Hardware filtering on its own is not going to give you a large penumbra. A large penumbra is achieved by using a very large filter kernel, and bilinear is only 2x2. Trilinear and anisotropic are only going to kick in once there's some minification involved (shadow map resolution is greater than than the effective pixel shader resolution), and are designed to preserve texture detail while avoiding aliasing. If you want a large penumbra that "softens" your shadows everywhere, then you should pre-filter your shadow map with a large filter kernel (try 7x7 or so).
If you were using PCF, you could not pre-filter your shadow map. You would have to filter in the pixel shader, using however many samples are necessary. Since VSM's are filterable, you can use a separable filter kernel when pre-filtering to reduce the actual number of samples required. In addition, if you use a caching scheme for your shadow maps then you can amortize the filtering cost across multiple frames by caching the filtered result. With standard shadow maps, you must pay the filtering cost every time you sample the shadow map.
Aside from that, VSM also lets you utilize MSAA and hardware trilinear + anisotropic filtering. MSAA will increase your rasterization resolution to reduce sub-pixel aliasing, but you won't have to pay the cost of filtering or sampling at that increased resolution. As I already mentioned, trilinear and anisotropic will prevent aliasing when there is minification involved. This usually happens when viewing surfaces at a grazing angle. Here's some images from my sample app to show you what I mean:
[attachment=23211:Shadows_PCF.png] [attachment=23210:Shadows_Aniso.png]

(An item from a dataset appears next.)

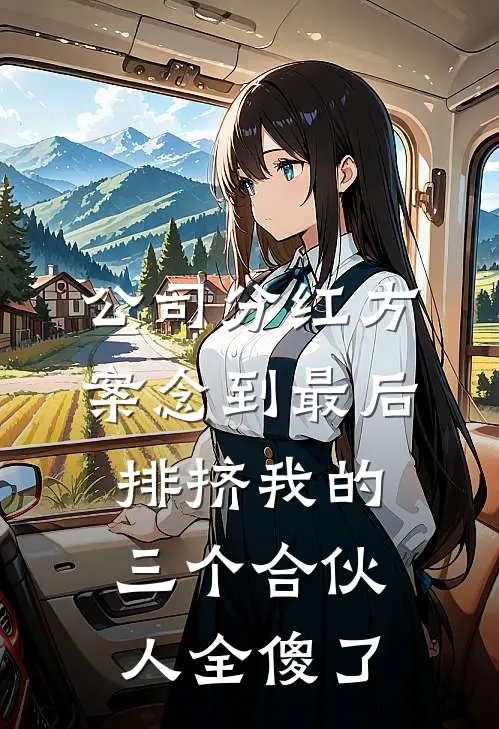 公司分红方案念到最后，排挤我的三个合伙人全傻了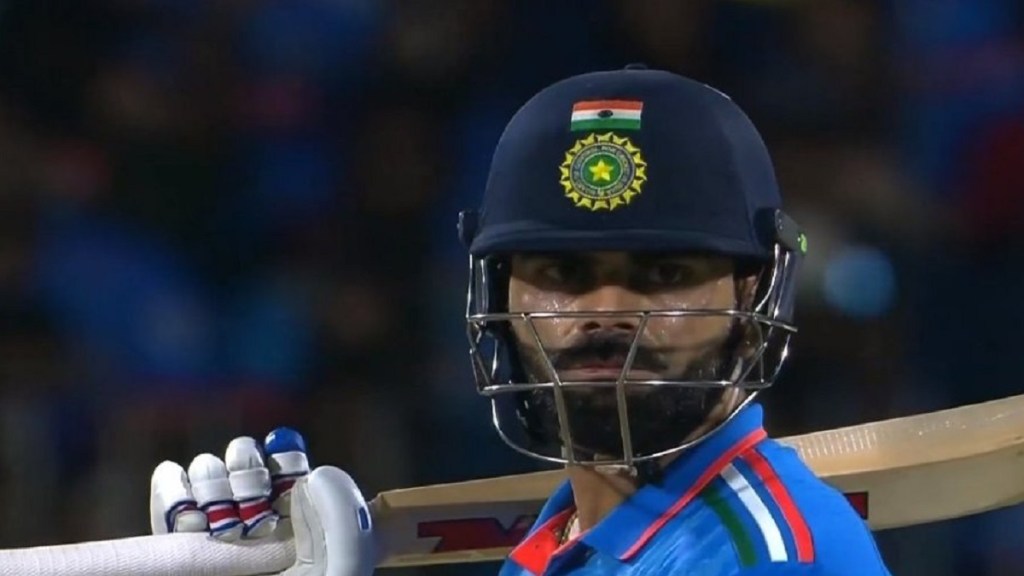 વિરાટ કોહલી વન-ડે વર્લ્ડ કપમાં પ્રથમ વખત શૂન્ય પર આઉટ થયો, સચિન તેંડુલકરના શરમજનક રેકોર્ડની કરી બરાબરી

The image on the left shows shadows being cast onto a ground plane, using only 2x2 PCF filtering. You can see that as you get further away from the camera, the shadows just turn into a mess of aliasing artifacts due to extreme undersampling. The image on the right is using EVSM (a variant of VSM) with mipmaps and 16x anisotropic filtering. Notice how the shadows don't have the same aliasing artifacts, and smoothly fade into a mix of shadowed and non-shadowed lighting.